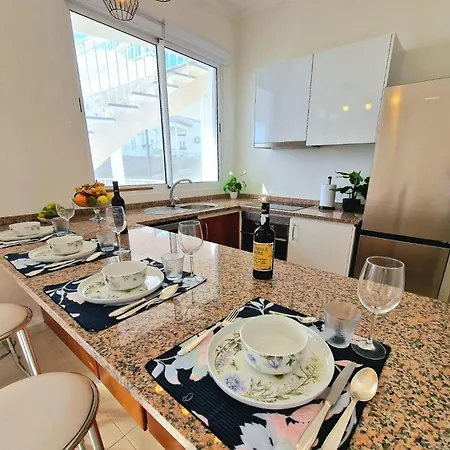 Apartment Sunshine Palace Madeira - Live Your Sunniest Dream!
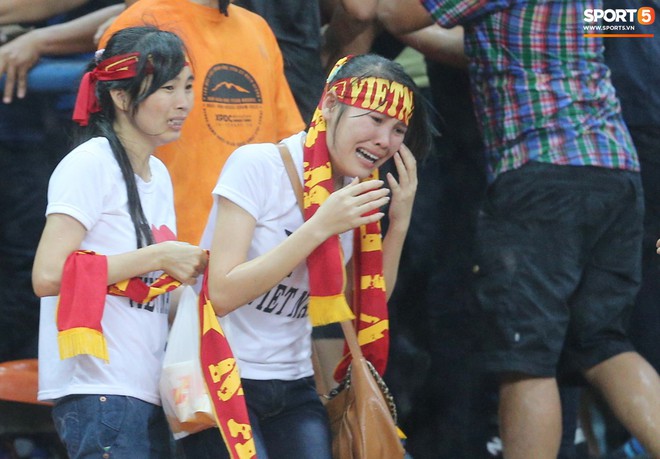 Tuyển Việt Nam đối đầu Malaysia: fan Việt từng phải đổ cả máu và rất nhiều nước mắt cho cặp đấu kịch tính hàng đầu Đông Nam Á - Ảnh 3.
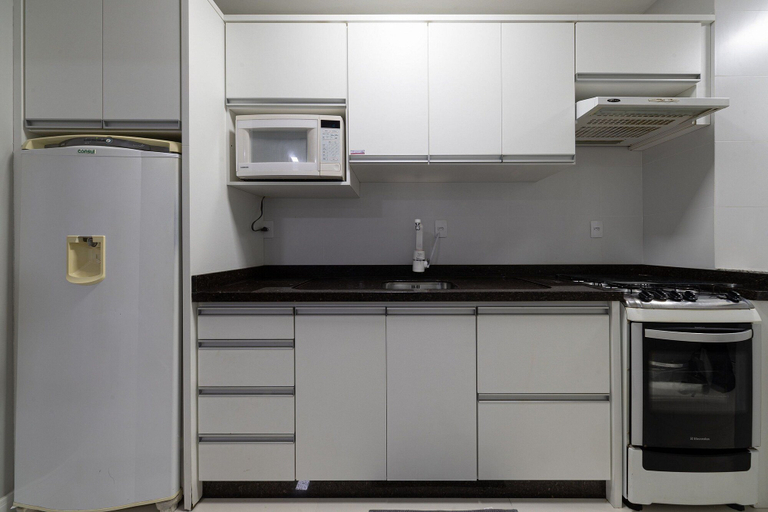 Private kitchen 4, 2BR Apt w/ Pkg & BBQ 450m From sea Ean503, Balneário Arroio do Silva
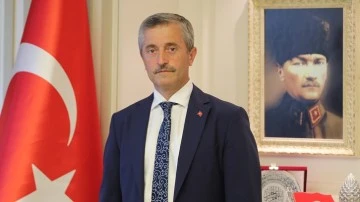 Tahmazoğlu, 19 Mayıs'ı kutladı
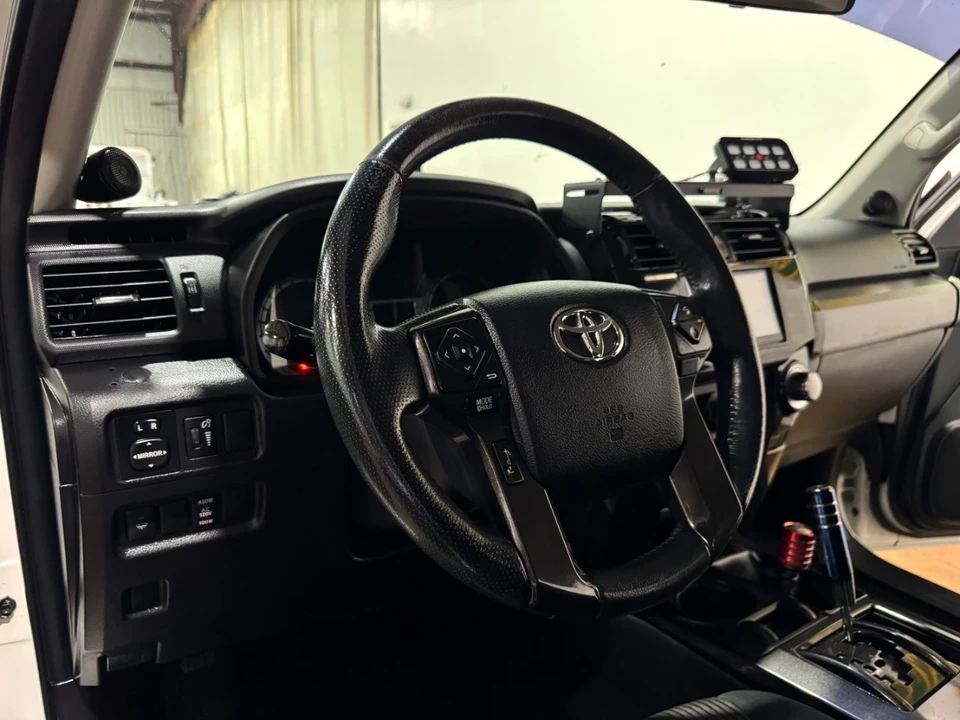 2016 Toyota 4Runner 5th Gen - Image 9 of 12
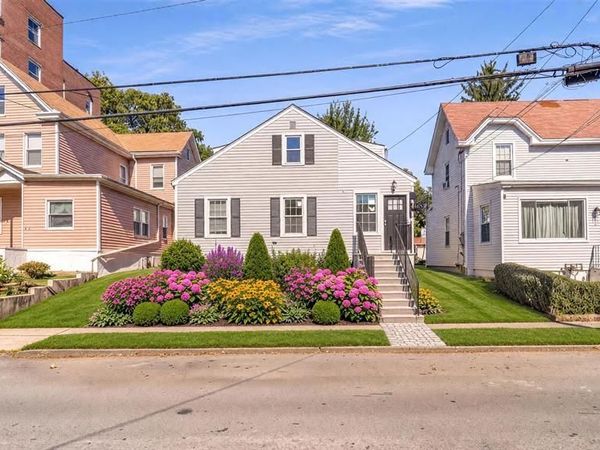 219 E 238th Street, Bronx, NY 10470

○ ○ ○ ○

* **WHAT THE TASK ASKS**
Return each entry exactly as it stands above, apart from any images.

* **SOLVED EXERCISE**
 Apartment Sunshine Palace Madeira - Live Your Sunniest Dream!
 Tuyển Việt Nam đối đầu Malaysia: fan Việt từng phải đổ cả máu và rất nhiều nước mắt cho cặp đấu kịch tính hàng đầu Đông Nam Á - Ảnh 3.
 Private kitchen 4, 2BR Apt w/ Pkg & BBQ 450m From sea Ean503, Balneário Arroio do Silva
 Tahmazoğlu, 19 Mayıs'ı kutladı
 2016 Toyota 4Runner 5th Gen - Image 9 of 12
 219 E 238th Street, Bronx, NY 10470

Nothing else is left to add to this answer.